Pourquoi les alertes provenant des témoins vont-elles se multiplier?

L'internet mobile version iPhone vient tout juste de naître. De nouvelles applications permettront d'envoyer et de recevoir plus facilement des photos/vidéos. L'apparition d'applications mêlant GPS + signature numérique s'avère prometteuse pour vérifier ces photos/vidéos uploadées depuis le mobile.

Le processus d'envoi reste encore compliqué: il faut transférer les photos sur un PC, s'inscrire sur un site, remplir des champs, charger les photos. Le témoignage participatif version web mobile n'est qu'à la première page du premier chapitre de son histoire. La culture de l'upload est surtout répandue chez les digital natives.

Hier, il était pénible, voire impossible d'envoyer une vidéo depuis son mobile: aujourd'hui c'est la diffusion en direct qui s'annonce à portée de tous.


- Le maillage du territoire.
L'hyper-local, vu comme une longue traîne géographique, c'est peut-être le paradis du témoignage participatif.

Comment mieux couvrir une tempête de neige, sur une zone, qu'en se retrouvant sur une même plateforme, pour échanger ses témoignages?

Combien d'équipes de reporters pour atteindre ce degré de couverture?

Alors que le 7 janvier, la neige tombait à gros flocons sur le sud de l'hexagone, Citizenside (la plateforme participative à laquelle je collabore) a reçu en quelques heures plus de 75 photos pour la seule ville de Marseille, et des vidéos saisissantes.


Comment mieux couvrir certaines zones de guerre, là où les professionnels de l'info sont peu présents (je pense à cet efficace outil pour couvrir la crise au Congo, Ushaïdi)?

Le maillage du territoire par des amateurs ne date pas d'hier, remarque Jeff Mignon: le correspondant local remplit depuis longtemps cette fonction...et remplit 80% des pages de la presse quotidienne régionale, contre une rémunération (modique), et la satisfaction d'écrire pour le journal. Réinventer le rôle du correspondant local devrait être une priorité de la PQR.


Conclusion:

- Si certains enterrent le journalisme citoyen, le témoignage participatif a le vent en poupe.

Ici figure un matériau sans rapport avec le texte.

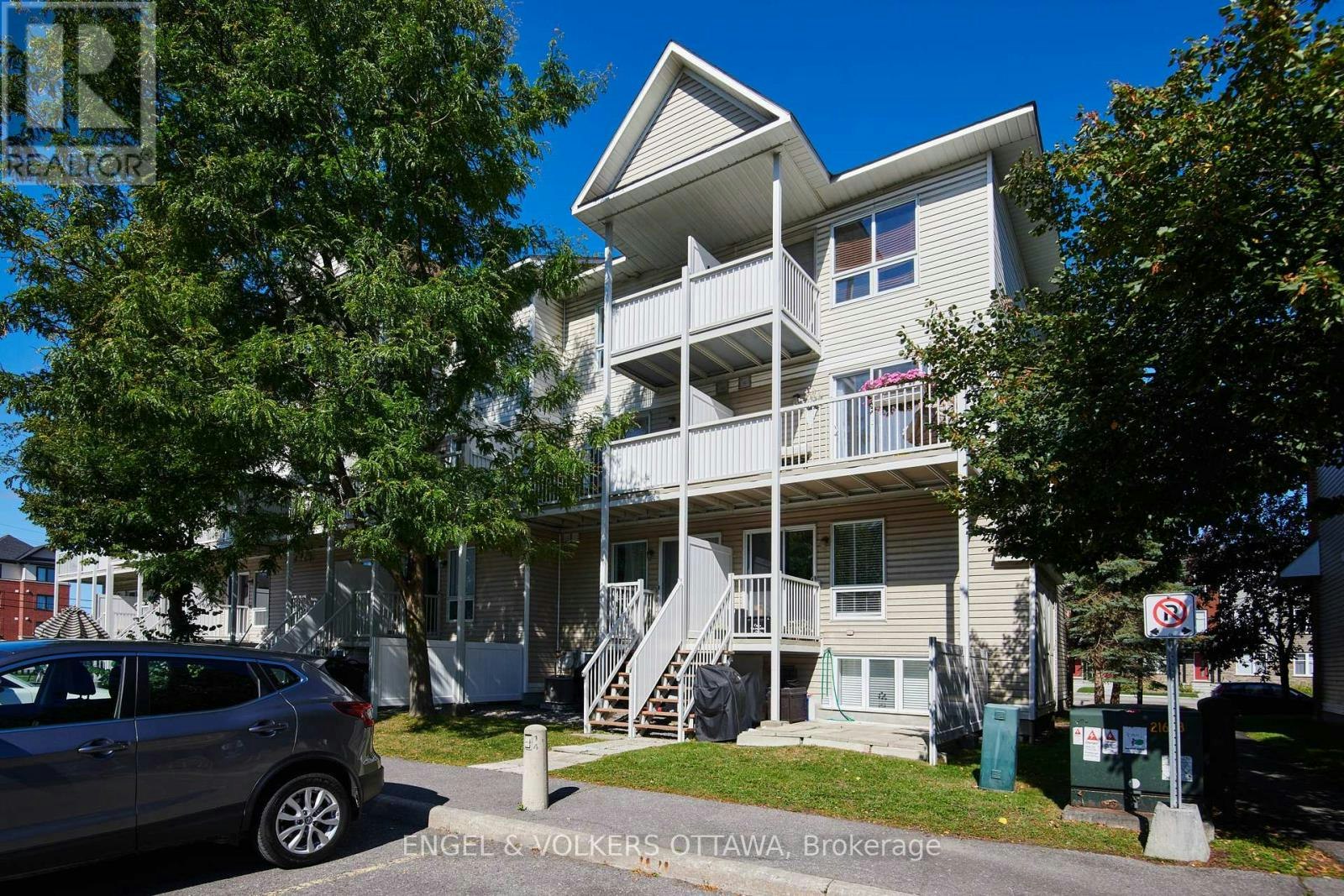 38 Lakepointe Drive, Ottawa, ON, K4A 5E3 - 33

Comme le rappelle Marie-Catherine Beuth,
l'une des tendances fortes en 2008 pour les cent premiers sites de médias américains (rapport en PDF) fut l'ouverture aux photos amateurs - la majorité des sites accueillant désormais des contributions de leur communauté. Pour la vidéo amateur, seuls 18% des sites aux USA disposent d'un espace dédié: la marge de progression reste importante.

Le succès fulgurant en terme d'audience du Post.fr ne s'explique-t-il pas aussi par le degré d'ouverture à la participation du public? La réussite d'un gratuit sur le web comme 20minutes.fr, n'est-il pas dû , aussi, à l'espace laissé à ses lecteurs, pour notamment envoyer des infos/photos?

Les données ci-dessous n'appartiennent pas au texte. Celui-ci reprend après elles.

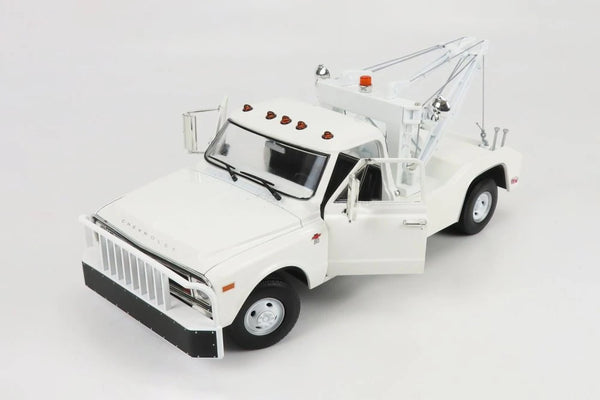 GARAGE SALE     GREENLIGHT  #13623 CHEVROLET C30 TOWTRUCK  1/18 SCALE DIECAST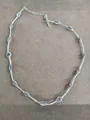 Élégant collier ras-du-cou argenté avec perles en maille tissée pour l'été - Collier / Argent-Violet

Un autre exemple: l'essor d'iReport.com, la plateforme participative de CNN. Grâce à des appels à témoignages très nombreux lancés sur la chaîne, plus de 225 000 contributions photos/vidéos ont été reçues depuis le lancement en février 2008, et restent accessibles sur le site.

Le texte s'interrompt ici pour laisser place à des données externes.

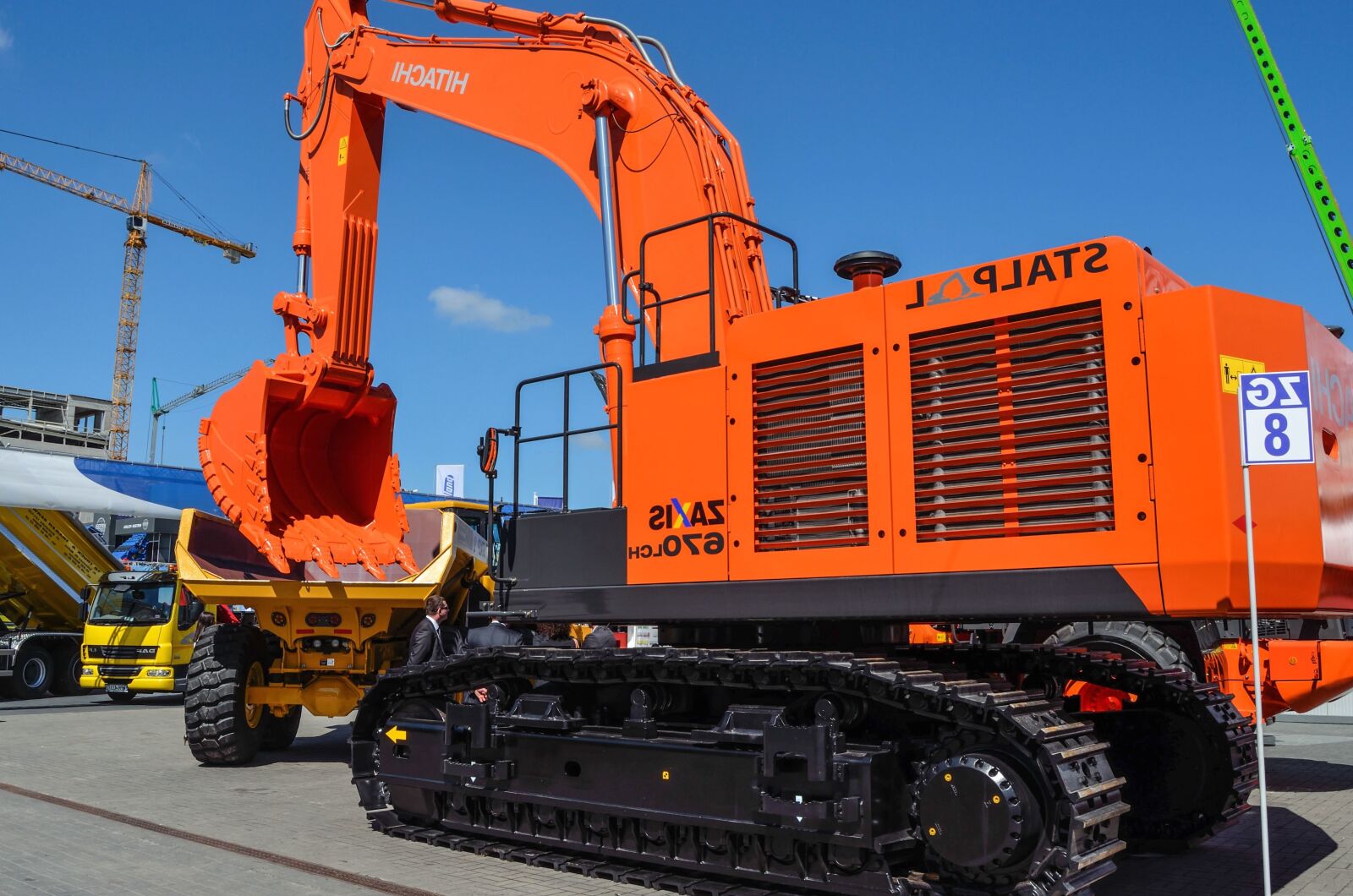 Nikon D5100 sample photo. Machine, excavator, mechanics, caterpillar photography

Environ 1 000 par mois sont diffusées à l'antenne. Ce qui permet à CNN de faire remonter des informations locales, comme lors d'une tempête de neige, où les équipes ne peuvent pas forcément accéder.

CNN USA (qu'on peut regarder via Blinkx Beat) diffuse chaque jour à l'antenne les contributions du jour, interviewe ses membres par téléphone, qui commentent leurs images.




- Le défi sera d'intégrer intelligemment le témoignage participatif dans le journalisme participatif, lui-même une branche (pas la seule) du journalisme en général.

Il faut pour cela réinventer le métier de médiateur, les profils des postes (animateur de communauté, PDF sur les "compétences du futur"), former les autres, comme l'imagine Jeff Jarvis, se former à de nouveaux outils, créer ceux qui n'existent pas encore pour mieux communiquer avec sa communauté (et que la communauté puisse elle-même mieux communiquer).

Ouvrir son espace aux commentaires, aux témoignages, sons, écrits, photos et vidéos. Enfin, descendre de son piédestal, pour amorcer le dialogue avec le public (il ne s'agit pas d'un scoop: ces derniers points, et d'autres abordés ici, ont déjà fait l'objet d'une prose abondante).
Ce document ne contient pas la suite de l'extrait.